Which is where, after all, that they were developed. At the Museo de Felipe Carillo Puerto the caretaker/guide indicated that the chef to Felipe Carillo Puerto developed, prepared, and served huevos motuleños to visiting officials and dignitaries.
According to WikiPidia: Felipe Carrillo Puerto (1874–1924) was a Governor of the Mexican state of Yucatán. He was born in the town of Motul, Yucatán. He was a progressive who favored land reform, women’s suffrage, and rights for the indigenous Mayan people. He had a romance with a United States journalist, Alma Reed of San Francisco, California, which was commemorated in the song “La Peregrina”. Carrillo died by assassination in January 1924.

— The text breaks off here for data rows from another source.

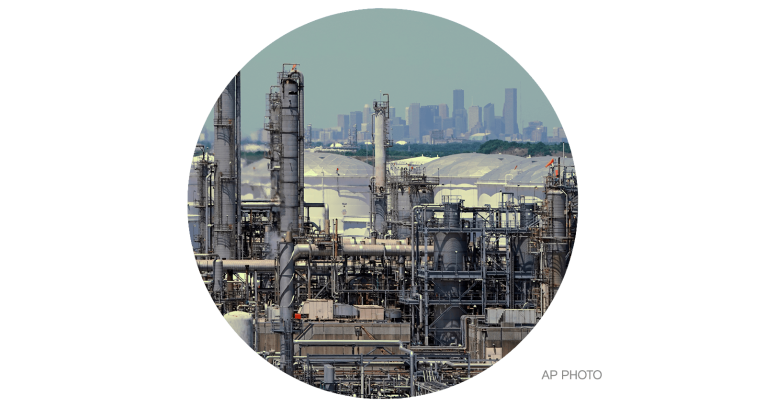 A refinery along the Houston Ship Channel with downtown Houston in the background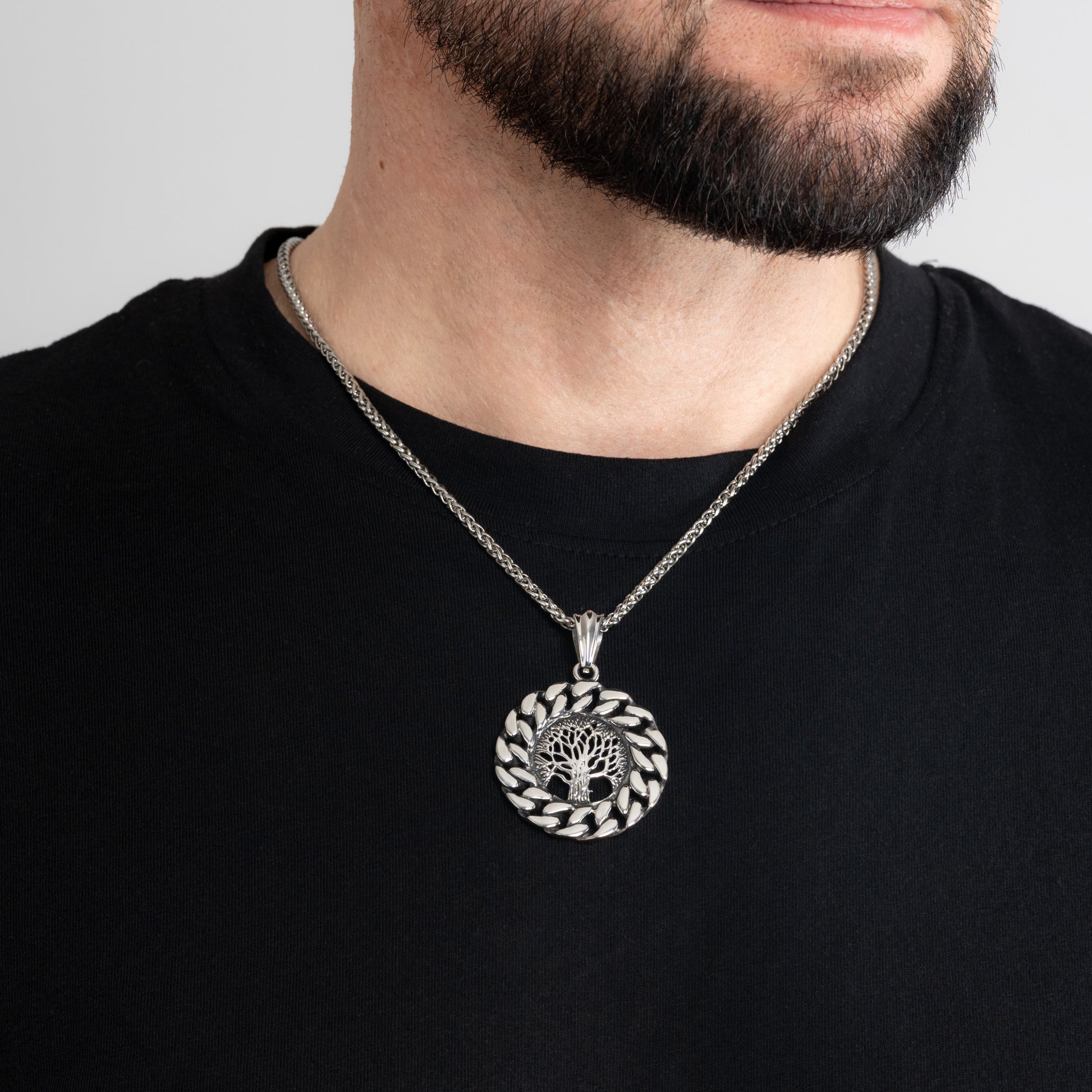 A male model in a black t-shirt wearing a Vintage Tree of Life Silver Pendant with a 3mm Silver Spiga chain 20 inches. Close-up image of the non-tarnish, waterproof and meaningful men's necklace talisman.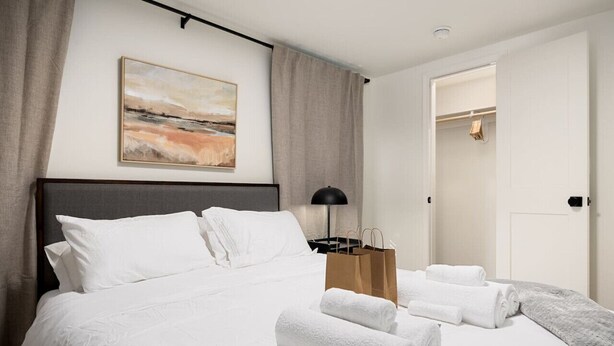 A neatly made bed with white linens, a brown paper bag, and rolled towels on a hotel room. - The Silo 5- 1 BD Urban Haven (Morton)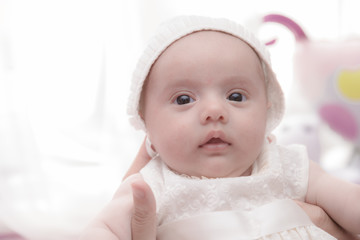 baby with white dress and hat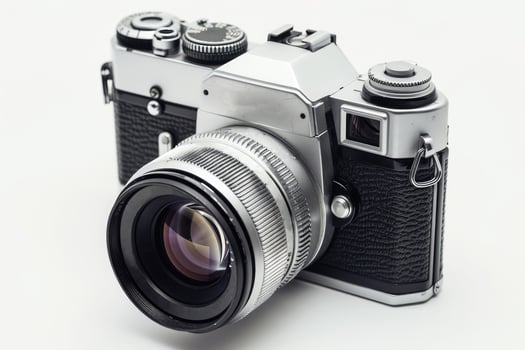 Old camera isolated on white. photo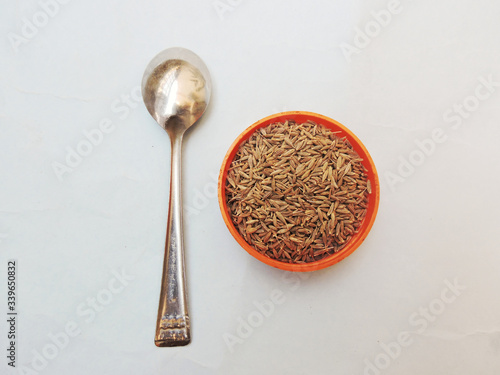 Cumin seeds in isolated white background.  photo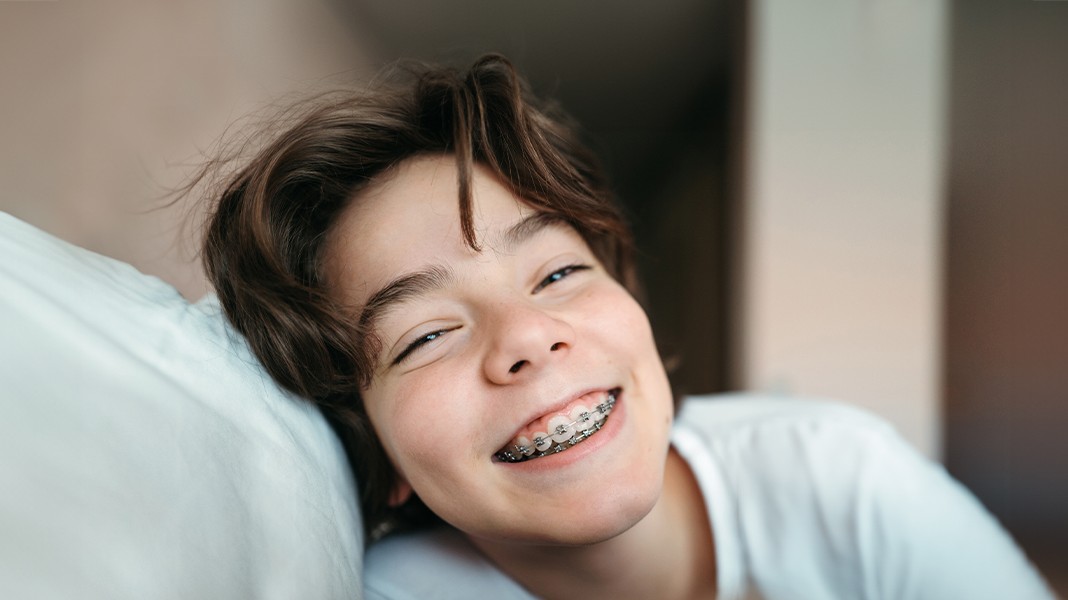 Ein Kind mit Zahnspange grinst in die Kamera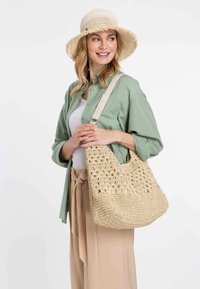 Beige háčkovaná kabelka přes rameno s širokým otvorem, texturovaným designem a měkkou rukojetí; nošena s zelenou košilí a béžovými kalhotami.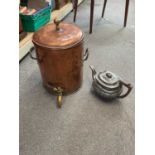 A large copper tea urn with lid, height 38cm.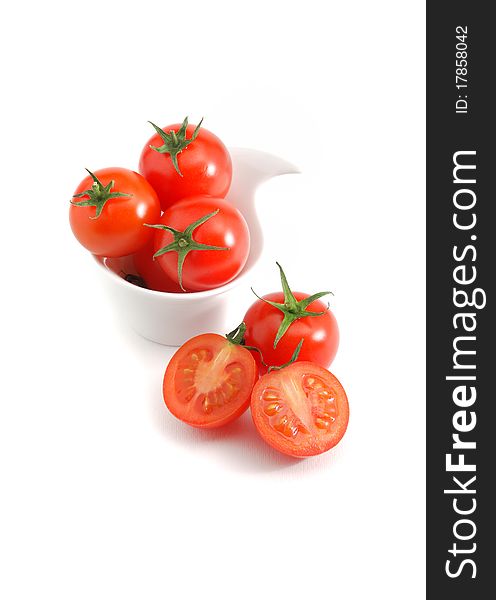 Cherry tomatoes isolated over a white background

Felipe Carrillo was called the Red Dragon with the Eyes of Jade by his enemies and the Apostle of the Indians by those who loved him. He was one of 14 children, 13 of whom lived to adulthood. All but one of the Carrillo siblings worked to better the lives of the Mayan people. When Felipe was killed, 3 of his brothers, Wilfrido, Benjamin, and Edesio, were killed with him, as well as eight of their friends.
We ordered 4 huevos motuleños 2 jamaicas, and 2 cristales. My huevos (pictured) are sin queso. Our bill ended up being 180pesos total.

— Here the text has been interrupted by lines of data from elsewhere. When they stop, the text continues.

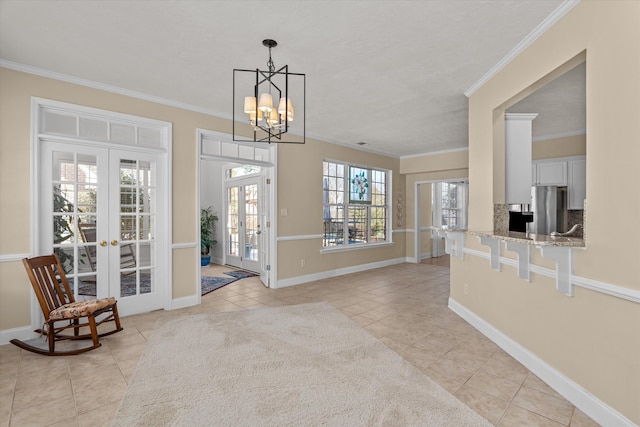 foyer with french doors, light tile patterned flooring, crown molding, and baseboards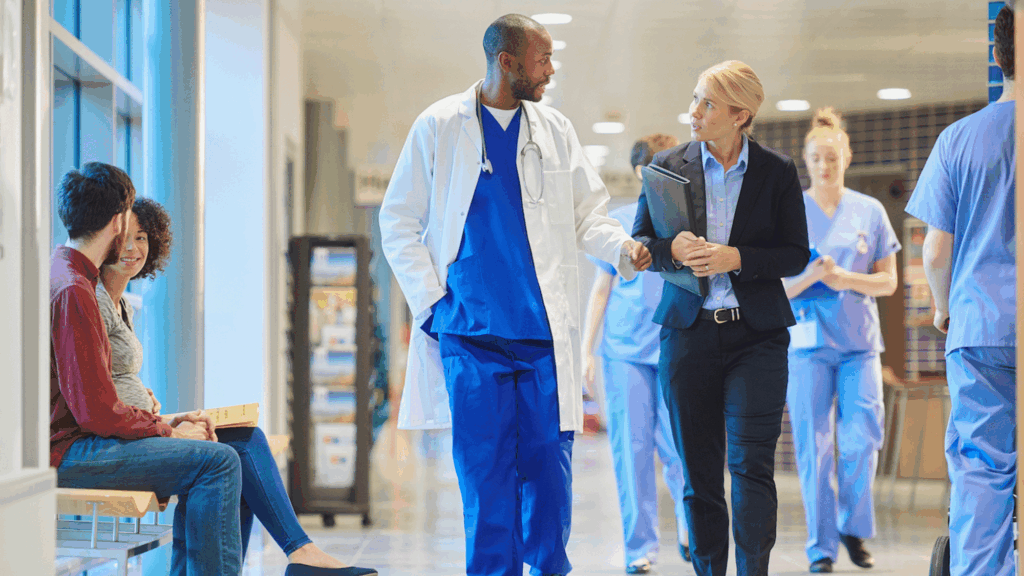A doctor and a lady in business attire walking through a hospital hallway.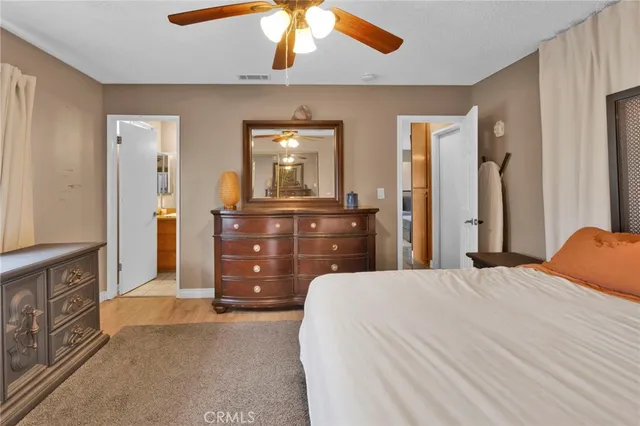 a bedroom with a bed and a dresser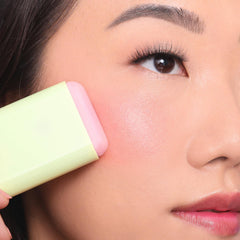 Pixi On-the-Glow Blush application with fingertips for natural blending.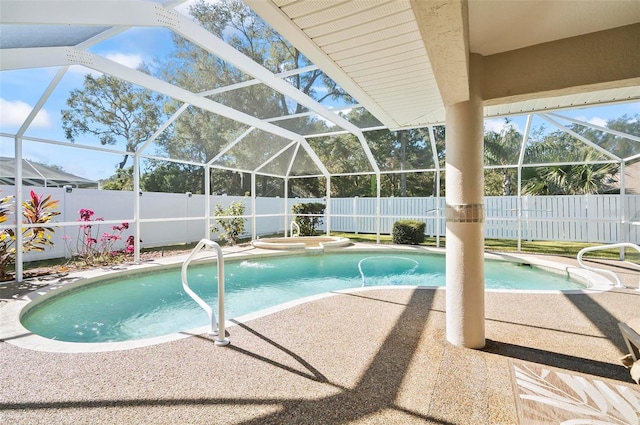 view of pool with an in ground hot tub, glass enclosure, and a patio area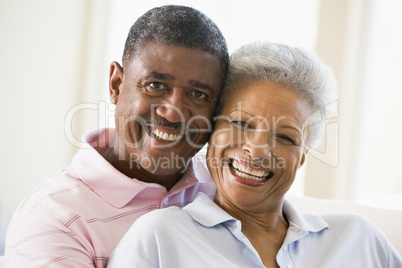 Couple relaxing in living room and smiling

OK, so there we sat, expounding on how great the huevos were when who walks in with familia completa. OH YEAH – you guessed it – Calman had indeed brought the lovely Feli and family to Motul for Mother’s Day. The Calman family opted to order from the other of the two possible restaurants, but he did hazard an observation that our huevos looked very good.

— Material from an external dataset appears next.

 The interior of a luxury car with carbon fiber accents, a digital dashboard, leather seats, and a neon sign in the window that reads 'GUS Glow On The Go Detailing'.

So after eating, having a chat with la familia Calman we went to the Museo, then headed for the local cenote.
Oh, were the huevos good? Let’s see –
The cenote is just a few blocks, maybe 6, from the square. It’s a well kept site, there were quite a few people there; familes picnic’ing, people refreshing in the cool cenote… The cost was 5pesos to go down to the cenote unfortunately we weren’t prepared and didn’t have suits. It does appear that if you are in the water and move into the low ceiling area and go back a bit it will open to another larger area, something to look forward to after the next venture for huevos motuleños.
The bus between Merida and Motul drops and departs from a very convenient location; here you can see the bus stop right in fron of the Mercado Municipal building.